You are scheduled to evaluate a 58 year-old male today with a physician’s order of potential cognitive deficits. You identify that the patient is in rehab after having a leg amputation. The patient is a bilingual (Spanish-English) speaker, so you use an interpreter for your evaluation. You ask a few questions regarding the patient’s activities of daily living (ADLs) and learn that he is pretty independent. You ask the patient “Do you feel like there are any differences in your thinking or organizing since you arrived here?” The patient states “Well…maybe I guess, it is hard to remember all the information I have received.”

You get ready to evaluate the patient and prepare some cognitive evaluation tasks that will help capture the patient’s strengths and areas of need. You begin by asking the patient some orientation questions (e.g., “What city are we in?, “What is the name of the place you are in right now?”). Then, you have them complete some working memory tasks (e.g., backward digit span tasks) to get some insight into how they may perform with everyday life tasks that require working memory, such as remembering to write down an upcoming doctor’s appointment on a calendar. Finally, you give them a clock drawing task to measure their visuospatial skills and because it is a good indicator of cognitive deficits. The patient performs poorly on almost all tasks. You pick him up on your caseload and diagnose the patient with a cognitive deficit, and write your report along the lines of “Patient is a 58 year old male with mild to moderate cognitive deficits in the areas of memory, organization and orientation.”

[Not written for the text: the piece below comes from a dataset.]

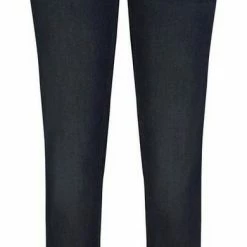 Coupon 🌟 MAC Stretch-Jeans »MAC MELANIE dark wash blue black 5040-97-0380L« ⌛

Sounds familiar if you are a speech-language pathologist (SLP) in the health care setting, right? Let’s discuss what the SLP missed in this case. The client arrived to the United States (U.S.) approximately 3 weeks ago after realizing he needed an emergency surgery following an accident involving his leg. He had grown up and lived in Costa Rica his entire life. He was independent with ADLs, which included managing finances with cash and working full time as a farmer. He enjoyed farming and had been farming almost his entire life. He had to leave school early to help his family maintain the farm, and he had been doing that ever since. When asked, “Tell me about how the leg surgery may impact your daily life.” He describes that he is going to have difficulty with completing things he is used to doing on his own (e.g., bathing, dressing, farming). However, he describes that his family is very supportive and his daughter is taking time off from work so that she can take care of him and help him as needed.

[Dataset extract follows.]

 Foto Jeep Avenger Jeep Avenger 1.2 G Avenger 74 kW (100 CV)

Given the above information, the evaluation is incomplete because it doesn’t capture the whole client. It is difficult to answer spatial orientation questions in a place you just arrived to, especially in an entirely new country. Clock drawing tasks, by nature, assume prior knowledge of a clock. Some individuals from other countries may not be familiar with the analog type of clock we ask clients to draw during this task. Finally, working memory tasks are biased amongst populations of low education level (Souza-Talarico, Caramelli, Nitrini, & Chaves, 2007). That is, there are correlations between education levels and working memory performance (Souza-Talarico et al., 2007), thus individuals with lower education levels may perform poorly on working memory tasks without having true working memory deficits.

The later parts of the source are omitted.